Until recently, I knew very little about Pennsylvania (including whether or not I could spell it correctly). You may remember I am currently stuck in Philadelphia, waiting for those damn movers. I've spent the last couple of days walking, walking and walking. There isn't much I haven't seen (including the Museum of Art, thanks Dick). But I found my nirvana when I visited the Reading Terminal Market.
Oh, what a place! You want it? They got it. Anything from local produce to seafood to locally raised poultry. We won't even talk about the pork options. Lamb ribs? Veal ribs? No prob. Cookbooks, jams and jellies, local dairy products, raw milk, farm fresh eggs - and a million other options if you want to sit down and eat right then and there. And it was punctuated with the resounding sounds of two local opera singers. It bears repeating - oh, what a place!
I may be visiting Eric more often than he might wish...
What really started this Pennsylvania interest was a visit we made to Pittsburgh several weeks ago for a wedding. At the rehearsal dinner, much was made by the bride's mother (whom we had not met before) about how she and a group of family and friends had spent the afternoon traying cookies. "Traying cookies?" I wondered silently. "Huh?

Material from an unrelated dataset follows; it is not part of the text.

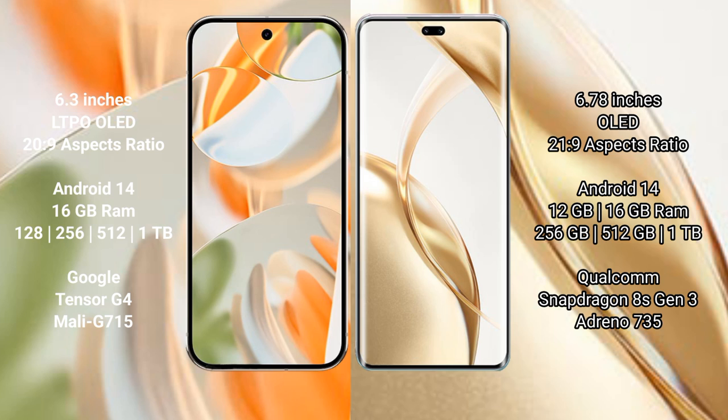Google Pixel 9 Pro runs on the Android 14 operating system. Honor 200 Pro also runs on the Android 14 operating system.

Is that a new baking method I don't know about?"
Well, no. Turns out it was exactly as stated. Traying cookies. As in putting them on trays. DUH.
And that, my friends, is where the story begins. It is apparently unthinkable to have a wedding in Pittsburgh without setting out multiple trays of cookies, baked or procured by family, neighbors and friends. It is a long-standing tradition that has its roots in the Depression, when people couldn't afford a big wedding cake.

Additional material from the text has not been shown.